▶ What you have to do:
Please repeat every line below exactly, from the first to the last.

Start of Exercise materials

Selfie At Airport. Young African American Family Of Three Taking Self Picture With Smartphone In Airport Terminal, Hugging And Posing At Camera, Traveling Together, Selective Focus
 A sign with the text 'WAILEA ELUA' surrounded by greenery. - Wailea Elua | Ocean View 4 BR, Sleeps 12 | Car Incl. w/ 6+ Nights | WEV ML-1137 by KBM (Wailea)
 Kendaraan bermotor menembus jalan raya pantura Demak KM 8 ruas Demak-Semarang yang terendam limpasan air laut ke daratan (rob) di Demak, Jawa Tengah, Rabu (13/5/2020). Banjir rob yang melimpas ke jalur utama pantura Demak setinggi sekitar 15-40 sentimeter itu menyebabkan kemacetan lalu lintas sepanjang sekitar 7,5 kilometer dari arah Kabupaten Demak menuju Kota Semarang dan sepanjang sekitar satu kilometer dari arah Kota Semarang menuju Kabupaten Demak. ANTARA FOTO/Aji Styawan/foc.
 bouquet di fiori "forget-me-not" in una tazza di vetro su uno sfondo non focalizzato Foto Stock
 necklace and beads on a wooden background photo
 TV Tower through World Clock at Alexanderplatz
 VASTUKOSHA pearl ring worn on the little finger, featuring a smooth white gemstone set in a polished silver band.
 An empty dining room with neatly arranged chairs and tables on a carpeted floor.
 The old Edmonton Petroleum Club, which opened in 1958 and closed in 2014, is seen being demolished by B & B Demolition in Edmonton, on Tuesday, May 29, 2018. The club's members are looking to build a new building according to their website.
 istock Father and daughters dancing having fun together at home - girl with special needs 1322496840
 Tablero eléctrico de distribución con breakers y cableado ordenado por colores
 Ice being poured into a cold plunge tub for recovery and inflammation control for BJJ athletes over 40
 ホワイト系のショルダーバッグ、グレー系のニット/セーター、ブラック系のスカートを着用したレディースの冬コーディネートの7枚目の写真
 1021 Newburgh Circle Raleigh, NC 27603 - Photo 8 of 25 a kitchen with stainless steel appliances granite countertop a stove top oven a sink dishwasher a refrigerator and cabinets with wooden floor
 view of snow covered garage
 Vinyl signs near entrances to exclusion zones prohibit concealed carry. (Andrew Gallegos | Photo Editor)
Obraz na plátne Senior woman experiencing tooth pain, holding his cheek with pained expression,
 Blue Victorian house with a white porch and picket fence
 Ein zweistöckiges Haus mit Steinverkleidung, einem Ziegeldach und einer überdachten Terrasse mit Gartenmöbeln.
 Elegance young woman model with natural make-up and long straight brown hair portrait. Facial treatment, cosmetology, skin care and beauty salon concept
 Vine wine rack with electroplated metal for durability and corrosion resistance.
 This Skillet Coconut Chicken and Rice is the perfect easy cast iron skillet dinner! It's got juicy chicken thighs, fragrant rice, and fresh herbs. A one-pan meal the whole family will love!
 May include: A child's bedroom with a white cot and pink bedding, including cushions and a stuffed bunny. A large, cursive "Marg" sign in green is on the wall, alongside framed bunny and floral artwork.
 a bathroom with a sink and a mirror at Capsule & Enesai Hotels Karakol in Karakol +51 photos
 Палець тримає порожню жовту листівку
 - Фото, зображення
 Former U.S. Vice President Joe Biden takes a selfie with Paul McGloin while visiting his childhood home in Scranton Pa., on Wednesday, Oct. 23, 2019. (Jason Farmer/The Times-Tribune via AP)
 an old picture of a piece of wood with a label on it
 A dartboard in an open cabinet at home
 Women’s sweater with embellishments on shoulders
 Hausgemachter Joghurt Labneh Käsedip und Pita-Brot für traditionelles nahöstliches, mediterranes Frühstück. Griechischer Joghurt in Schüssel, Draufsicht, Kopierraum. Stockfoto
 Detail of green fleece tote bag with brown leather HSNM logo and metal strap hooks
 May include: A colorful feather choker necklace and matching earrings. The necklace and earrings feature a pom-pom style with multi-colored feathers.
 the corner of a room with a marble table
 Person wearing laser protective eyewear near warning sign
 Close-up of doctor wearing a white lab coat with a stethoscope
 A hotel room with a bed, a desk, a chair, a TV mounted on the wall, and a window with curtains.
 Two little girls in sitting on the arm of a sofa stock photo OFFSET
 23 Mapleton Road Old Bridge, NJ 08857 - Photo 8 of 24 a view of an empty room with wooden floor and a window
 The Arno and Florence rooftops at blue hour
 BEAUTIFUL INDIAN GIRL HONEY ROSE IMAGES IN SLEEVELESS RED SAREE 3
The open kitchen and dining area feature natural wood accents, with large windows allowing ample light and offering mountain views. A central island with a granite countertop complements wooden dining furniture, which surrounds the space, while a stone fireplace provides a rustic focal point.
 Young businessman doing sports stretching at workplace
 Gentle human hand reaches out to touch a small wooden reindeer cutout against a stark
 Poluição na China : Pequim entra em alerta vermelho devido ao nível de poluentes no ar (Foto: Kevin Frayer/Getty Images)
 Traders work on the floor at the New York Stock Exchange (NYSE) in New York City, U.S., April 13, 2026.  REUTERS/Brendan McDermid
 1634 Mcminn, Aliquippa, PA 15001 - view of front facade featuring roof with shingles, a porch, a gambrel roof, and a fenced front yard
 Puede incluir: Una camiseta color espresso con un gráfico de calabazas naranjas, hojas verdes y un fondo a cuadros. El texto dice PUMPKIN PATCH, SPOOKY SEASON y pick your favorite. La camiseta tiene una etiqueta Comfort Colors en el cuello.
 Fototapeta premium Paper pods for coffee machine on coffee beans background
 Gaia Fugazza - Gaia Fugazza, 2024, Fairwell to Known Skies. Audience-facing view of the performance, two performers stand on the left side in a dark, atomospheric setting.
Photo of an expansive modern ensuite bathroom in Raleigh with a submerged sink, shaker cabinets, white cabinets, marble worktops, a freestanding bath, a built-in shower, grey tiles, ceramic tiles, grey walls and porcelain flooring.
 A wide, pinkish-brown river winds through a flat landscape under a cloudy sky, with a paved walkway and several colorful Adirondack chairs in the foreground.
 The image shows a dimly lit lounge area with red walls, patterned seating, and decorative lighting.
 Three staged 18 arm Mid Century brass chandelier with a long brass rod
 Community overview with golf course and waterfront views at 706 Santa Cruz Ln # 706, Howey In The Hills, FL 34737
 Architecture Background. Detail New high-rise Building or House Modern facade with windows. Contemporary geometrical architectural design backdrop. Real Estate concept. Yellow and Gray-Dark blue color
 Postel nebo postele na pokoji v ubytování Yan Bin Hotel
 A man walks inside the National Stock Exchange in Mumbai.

End of Exercise materials

▶ Solution for this problem:
Selfie At Airport. Young African American Family Of Three Taking Self Picture With Smartphone In Airport Terminal, Hugging And Posing At Camera, Traveling Together, Selective Focus
 A sign with the text 'WAILEA ELUA' surrounded by greenery. - Wailea Elua | Ocean View 4 BR, Sleeps 12 | Car Incl. w/ 6+ Nights | WEV ML-1137 by KBM (Wailea)
 Kendaraan bermotor menembus jalan raya pantura Demak KM 8 ruas Demak-Semarang yang terendam limpasan air laut ke daratan (rob) di Demak, Jawa Tengah, Rabu (13/5/2020). Banjir rob yang melimpas ke jalur utama pantura Demak setinggi sekitar 15-40 sentimeter itu menyebabkan kemacetan lalu lintas sepanjang sekitar 7,5 kilometer dari arah Kabupaten Demak menuju Kota Semarang dan sepanjang sekitar satu kilometer dari arah Kota Semarang menuju Kabupaten Demak. ANTARA FOTO/Aji Styawan/foc.
 bouquet di fiori "forget-me-not" in una tazza di vetro su uno sfondo non focalizzato Foto Stock
 necklace and beads on a wooden background photo
 TV Tower through World Clock at Alexanderplatz
 VASTUKOSHA pearl ring worn on the little finger, featuring a smooth white gemstone set in a polished silver band.
 An empty dining room with neatly arranged chairs and tables on a carpeted floor.
 The old Edmonton Petroleum Club, which opened in 1958 and closed in 2014, is seen being demolished by B & B Demolition in Edmonton, on Tuesday, May 29, 2018. The club's members are looking to build a new building according to their website.
 istock Father and daughters dancing having fun together at home - girl with special needs 1322496840
 Tablero eléctrico de distribución con breakers y cableado ordenado por colores
 Ice being poured into a cold plunge tub for recovery and inflammation control for BJJ athletes over 40
 ホワイト系のショルダーバッグ、グレー系のニット/セーター、ブラック系のスカートを着用したレディースの冬コーディネートの7枚目の写真
 1021 Newburgh Circle Raleigh, NC 27603 - Photo 8 of 25 a kitchen with stainless steel appliances granite countertop a stove top oven a sink dishwasher a refrigerator and cabinets with wooden floor
 view of snow covered garage
 Vinyl signs near entrances to exclusion zones prohibit concealed carry. (Andrew Gallegos | Photo Editor)
Obraz na plátne Senior woman experiencing tooth pain, holding his cheek with pained expression,
 Blue Victorian house with a white porch and picket fence
 Ein zweistöckiges Haus mit Steinverkleidung, einem Ziegeldach und einer überdachten Terrasse mit Gartenmöbeln.
 Elegance young woman model with natural make-up and long straight brown hair portrait. Facial treatment, cosmetology, skin care and beauty salon concept
 Vine wine rack with electroplated metal for durability and corrosion resistance.
 This Skillet Coconut Chicken and Rice is the perfect easy cast iron skillet dinner! It's got juicy chicken thighs, fragrant rice, and fresh herbs. A one-pan meal the whole family will love!
 May include: A child's bedroom with a white cot and pink bedding, including cushions and a stuffed bunny. A large, cursive "Marg" sign in green is on the wall, alongside framed bunny and floral artwork.
 a bathroom with a sink and a mirror at Capsule & Enesai Hotels Karakol in Karakol +51 photos
 Палець тримає порожню жовту листівку
 - Фото, зображення
 Former U.S. Vice President Joe Biden takes a selfie with Paul McGloin while visiting his childhood home in Scranton Pa., on Wednesday, Oct. 23, 2019. (Jason Farmer/The Times-Tribune via AP)
 an old picture of a piece of wood with a label on it
 A dartboard in an open cabinet at home
 Women’s sweater with embellishments on shoulders
 Hausgemachter Joghurt Labneh Käsedip und Pita-Brot für traditionelles nahöstliches, mediterranes Frühstück. Griechischer Joghurt in Schüssel, Draufsicht, Kopierraum. Stockfoto
 Detail of green fleece tote bag with brown leather HSNM logo and metal strap hooks
 May include: A colorful feather choker necklace and matching earrings. The necklace and earrings feature a pom-pom style with multi-colored feathers.
 the corner of a room with a marble table
 Person wearing laser protective eyewear near warning sign
 Close-up of doctor wearing a white lab coat with a stethoscope
 A hotel room with a bed, a desk, a chair, a TV mounted on the wall, and a window with curtains.
 Two little girls in sitting on the arm of a sofa stock photo OFFSET
 23 Mapleton Road Old Bridge, NJ 08857 - Photo 8 of 24 a view of an empty room with wooden floor and a window
 The Arno and Florence rooftops at blue hour
 BEAUTIFUL INDIAN GIRL HONEY ROSE IMAGES IN SLEEVELESS RED SAREE 3
The open kitchen and dining area feature natural wood accents, with large windows allowing ample light and offering mountain views. A central island with a granite countertop complements wooden dining furniture, which surrounds the space, while a stone fireplace provides a rustic focal point.
 Young businessman doing sports stretching at workplace
 Gentle human hand reaches out to touch a small wooden reindeer cutout against a stark
 Poluição na China : Pequim entra em alerta vermelho devido ao nível de poluentes no ar (Foto: Kevin Frayer/Getty Images)
 Traders work on the floor at the New York Stock Exchange (NYSE) in New York City, U.S., April 13, 2026.  REUTERS/Brendan McDermid
 1634 Mcminn, Aliquippa, PA 15001 - view of front facade featuring roof with shingles, a porch, a gambrel roof, and a fenced front yard
 Puede incluir: Una camiseta color espresso con un gráfico de calabazas naranjas, hojas verdes y un fondo a cuadros. El texto dice PUMPKIN PATCH, SPOOKY SEASON y pick your favorite. La camiseta tiene una etiqueta Comfort Colors en el cuello.
 Fototapeta premium Paper pods for coffee machine on coffee beans background
 Gaia Fugazza - Gaia Fugazza, 2024, Fairwell to Known Skies. Audience-facing view of the performance, two performers stand on the left side in a dark, atomospheric setting.
Photo of an expansive modern ensuite bathroom in Raleigh with a submerged sink, shaker cabinets, white cabinets, marble worktops, a freestanding bath, a built-in shower, grey tiles, ceramic tiles, grey walls and porcelain flooring.
 A wide, pinkish-brown river winds through a flat landscape under a cloudy sky, with a paved walkway and several colorful Adirondack chairs in the foreground.
 The image shows a dimly lit lounge area with red walls, patterned seating, and decorative lighting.
 Three staged 18 arm Mid Century brass chandelier with a long brass rod
 Community overview with golf course and waterfront views at 706 Santa Cruz Ln # 706, Howey In The Hills, FL 34737
 Architecture Background. Detail New high-rise Building or House Modern facade with windows. Contemporary geometrical architectural design backdrop. Real Estate concept. Yellow and Gray-Dark blue color
 Postel nebo postele na pokoji v ubytování Yan Bin Hotel
 A man walks inside the National Stock Exchange in Mumbai.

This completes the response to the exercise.